**Exercise objective:** Look below for the line that contains "2022 Ford Focus" and the line that contains "E.T. The Extra-Terrestrial 1982", then restate both of them and every line in between, exactly. No picture goes in the copy.

**Material for this exercise:**
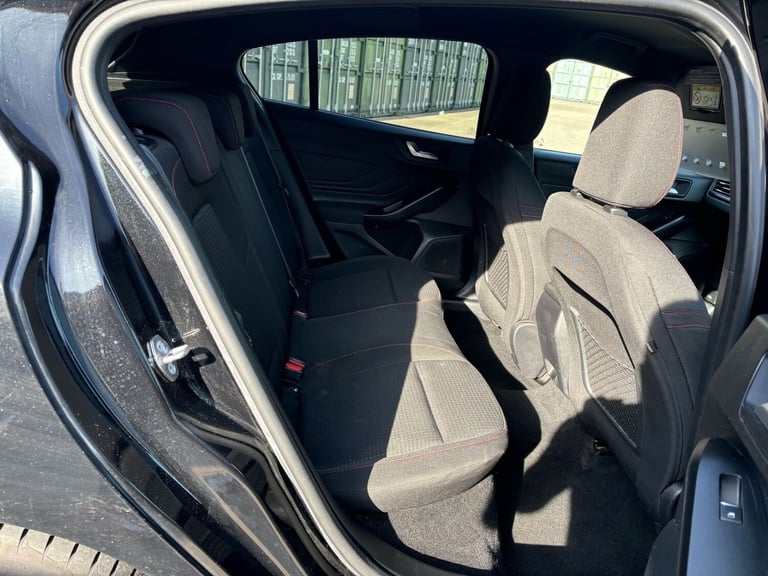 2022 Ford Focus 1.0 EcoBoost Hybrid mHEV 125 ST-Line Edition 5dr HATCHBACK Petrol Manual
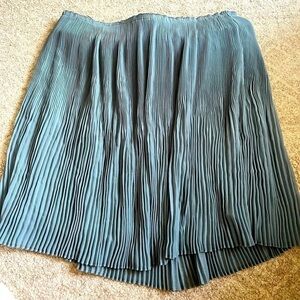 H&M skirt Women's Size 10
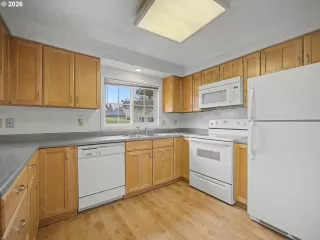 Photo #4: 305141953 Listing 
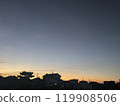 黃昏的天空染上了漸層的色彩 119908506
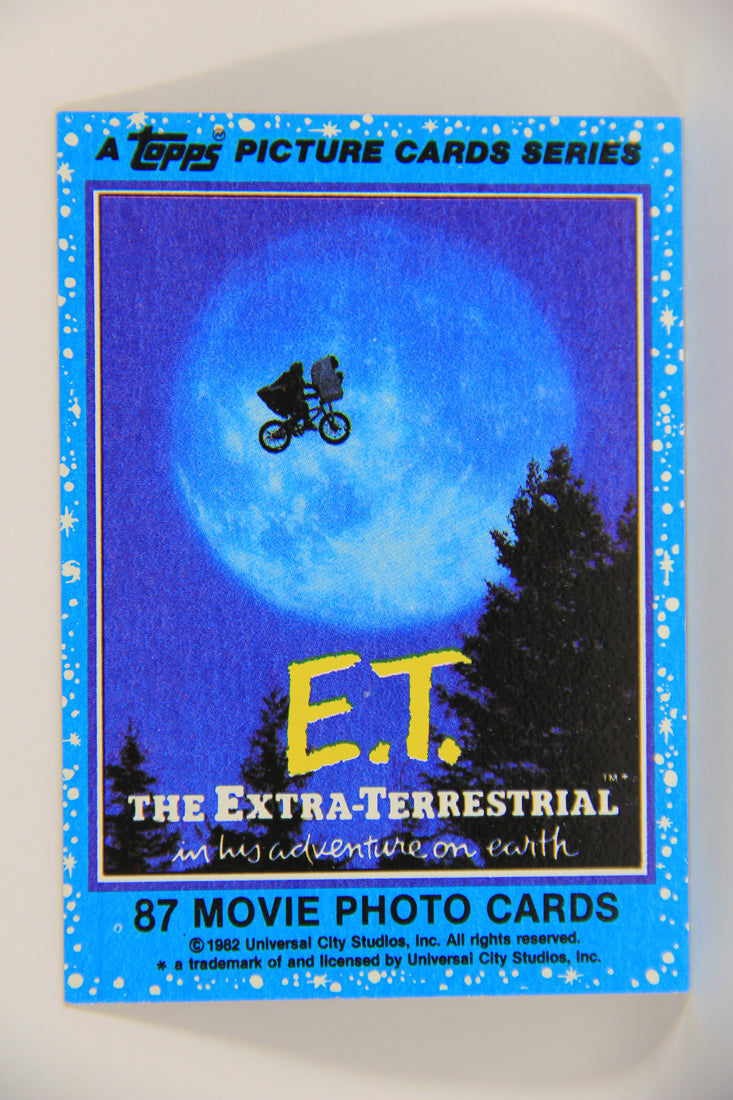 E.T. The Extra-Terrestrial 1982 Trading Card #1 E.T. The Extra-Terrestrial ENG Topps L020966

...

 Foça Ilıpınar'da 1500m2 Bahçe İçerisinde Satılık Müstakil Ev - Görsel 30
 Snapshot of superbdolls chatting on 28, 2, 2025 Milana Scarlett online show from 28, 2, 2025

**Task answer:**
 2022 Ford Focus 1.0 EcoBoost Hybrid mHEV 125 ST-Line Edition 5dr HATCHBACK Petrol Manual
 H&M skirt Women's Size 10
 Photo #4: 305141953 Listing 
 黃昏的天空染上了漸層的色彩 119908506
 E.T. The Extra-Terrestrial 1982 Trading Card #1 E.T. The Extra-Terrestrial ENG Topps L020966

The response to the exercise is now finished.